È davvero esportabile il “duale”?
Penso di sì. Gli imprenditori italiani e spagnoli dovrebbero rendersi conto di questa urgenza e “aprire” le proprie imprese alle istituzioni europee. È interessante notare che in Europa soltanto Germania, Svizzera e Francia hanno introdotto la possibilità di fare esperienza in azienda fin dalle scuole superiori. 

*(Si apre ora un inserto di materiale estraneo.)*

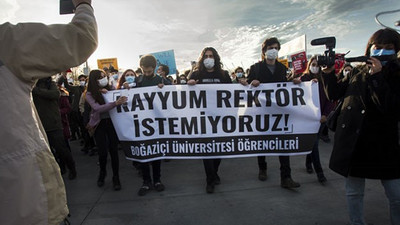 Boğaziçi Üniversitesi'ndeki eylemlere katılan öğrenciler için istenen cezalar belli oldu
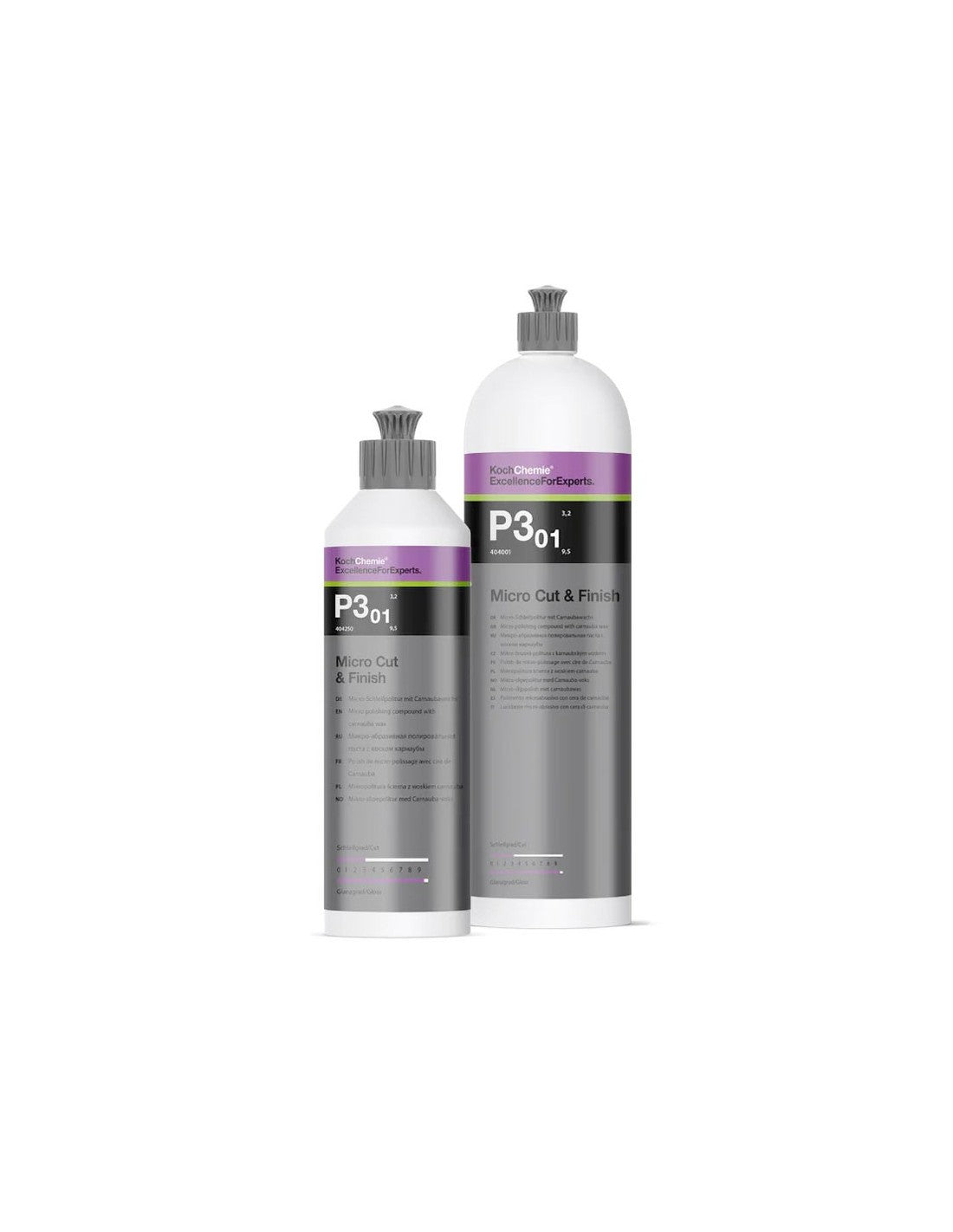Koch Chemie Micro Cut & Finish P3.01 - Polish de Acabamento e Proteção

Passando dal micro al macro, per mettere a posto i conti di un Paese nel rispetto dei trattati si possono azionare essenzialmente due leve: aumentare le tasse, tagliare la spesa, condurre una spending review per eliminare gli sprechi. Ritiene che nel dibattito comunitario sull’austerity non sia stato abbastanza considerato il punto “keynesiano” dell’aumento della spesa per gli investimenti?
Devo confessare che non capisco molto il dibattito sull’austerity, perché è fuor di dubbio che non ci dovrebbero essere discussioni sulla necessità di un consolidamento dei conti da parte degli Stati membri. Al limite ci si può mettere d’accordo sul tempo che serve per realizzarlo, per esempio in 5 o 8 anni. L’altra questione riguarda le azioni da intraprendere per aumentare la crescita economica, e chiama in causa l’apertura dei mercati alla concorrenza e, il miglioramento dell’efficienza della pubblica amministrazione. Non si tratta di allocare nuovi fondi per gli investimenti, Italia e Spagna ne hanno avuti a pioggia negli ultimi dieci anni e li hanno utilizzati male. Si tratta di riformare le strutture pubbliche per migliorare l’iniziativa privata. 

Significa meno tasse?
Non esattamente, è meglio avere la certezza del sistema fiscale, una pubblica amministrazione che funziona, più semplificazioni nell’iter burocratico per aprire nuovi business. Insomma, si possono mettere in campo molte riforme senza allocare nuovi fondi, reinventando la burocrazia. 

La Germania è un modello?
In settembre abbiamo le elezioni, e il dibattito è su “quanto siamo bravi”. Io dico: sì, è vero, se guardiamo indietro al 2003 siamo migliorati molto. Ma come saremo nel 2020? Gerard Schroeder aveva introdotto l’”Agenda 2010”, ma all’orizzonte per i prossimi due lustri non vedo alcuna agenda. Dobbiamo ripartire con una prospettiva per i prossimi dieci anni. Il dibattito portato avanti da Angela Merkel e il partito liberale è della serie “tutto va bene, non alzeremo le tasse”, e su temi che sarebbero stati materia di contesa elettorale negli anni ’70, come il salario minimo.

Ha qualche suggerimento per Enrico Letta?
Già prima della crisi finanziaria del 2008 l’Italia era in coda alle classifiche per produttività. I vostri problemi risalgono a 10, 15 anni fa. Enrico Letta, di concerto con la grande coalizione di cui è a capo e in armonia con le istituzioni europee dovrebbe ripartire dall’industria per renderla più competitiva.